His doctors described his surgery as a miracle, but the disease returned—until he made comprehensive lifestyle changes. He has since written a book about his experience: “Up From the Ashes.”
Ash stopped drinking alcohol, prioritized exercise, and began to think of food as medicine. He gave up sugar and used cannabidiol (CBD), the non-psychoactive form of marijuana, to address inflammation and pain rather than opioids that had been part of his treatment.

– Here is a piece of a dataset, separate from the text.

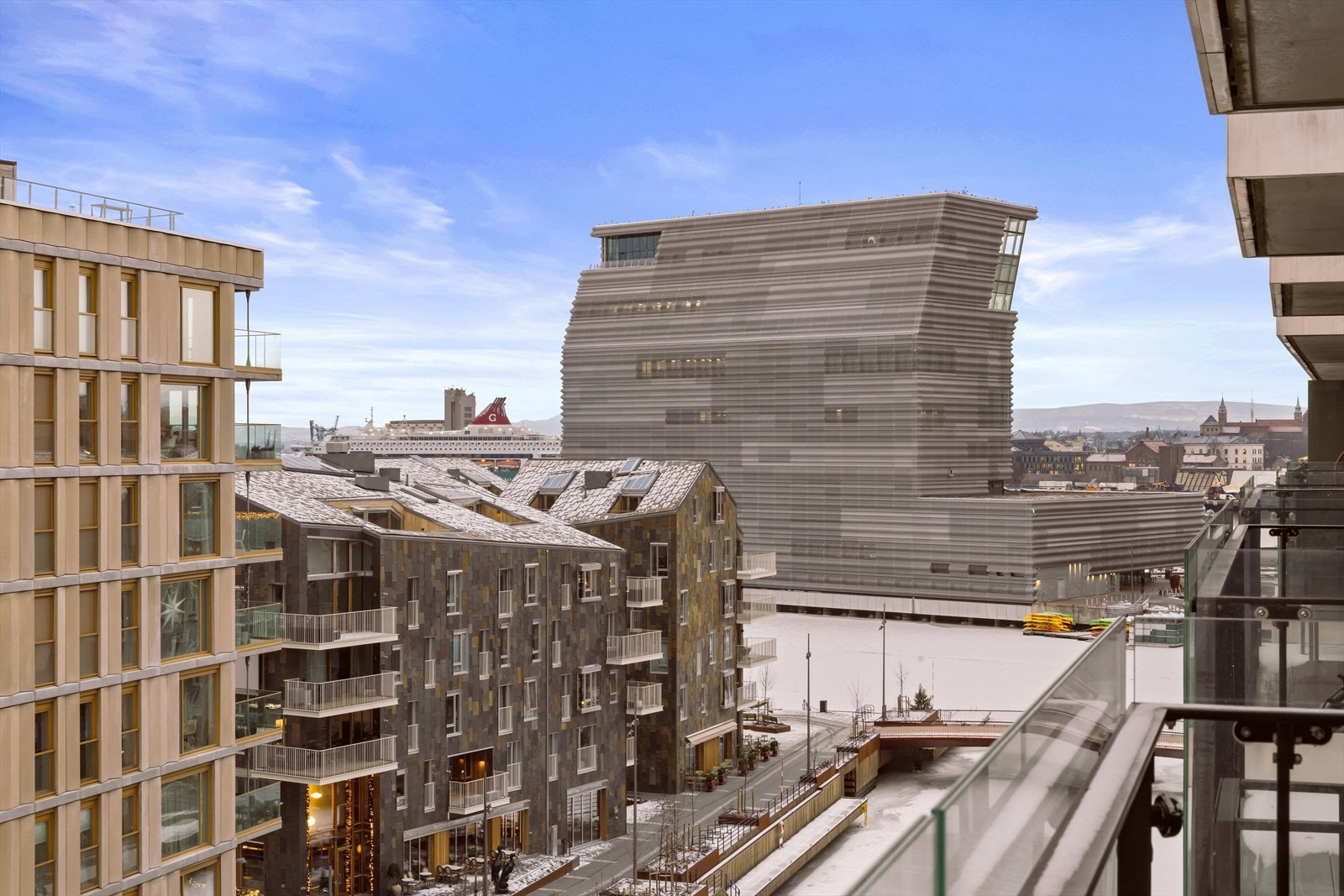 Her bor du i et området med yrende liv og alt du trenger både i hverdag og helg. Galleribilde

Of note, CBD has anti-inflammatory properties, though a small randomized trial with CBD found that a low dose had no effect on Crohn’s disease.
If he could do it over, Ash said he would demand more of his doctors and himself.
“You can’t take the shortcuts to life—orange prescription bottles and constant appointments with experts—and all of that,” he said. “At some point, there must be personal responsibility in our lives.”
Dietary Considerations
Scott noted growing evidence in favor of diet—particularly for mild cases—and patient interest in learning more about how to manage their disease through diet. However, the AGA guidelines strictly cover pharmacological treatment.
“I think it’s an exciting emerging field,” Scott said of diet. “But in the setting of moderate to severe disease, it’s not as well studied.”
Ash said doctors told him not to worry about what he ate, and he’s concerned that the new recommendations will undermine the importance of diet. “Diet has had a big effect. We eat garbage diets in the Western world, and we pay the consequences of it with inflammatory diseases,” he said.
The American College of Gastroenterology (ACG) guidelines—also updated this year and described by Scott as more holistic—recommend a Mediterranean or specific carbohydrate diet, but only for low-risk patients with mild disease under close monitoring.
The ACG guidelines also emphasize an aggressive advanced-therapy approach for patients with moderate-to-severe Crohn’s disease, much as the American Gastroenterological Association’s recommendations do. For the right patients, the new recommendations could be meaningful.
However, there’s caution in many unknowns when it comes to all forms of treatment for Crohn’s disease, the ACG guidelines commentary stated.
“Many recommendations remain conditional and based on low-quality evidence,” the authors of the ACG guidelines wrote in September. “Evidence for dietary therapies also remain limited, and while they may benefit select motivated patients with low-risk disease, reliance on diet alone should not delay timely escalation in more severe phenotypes.”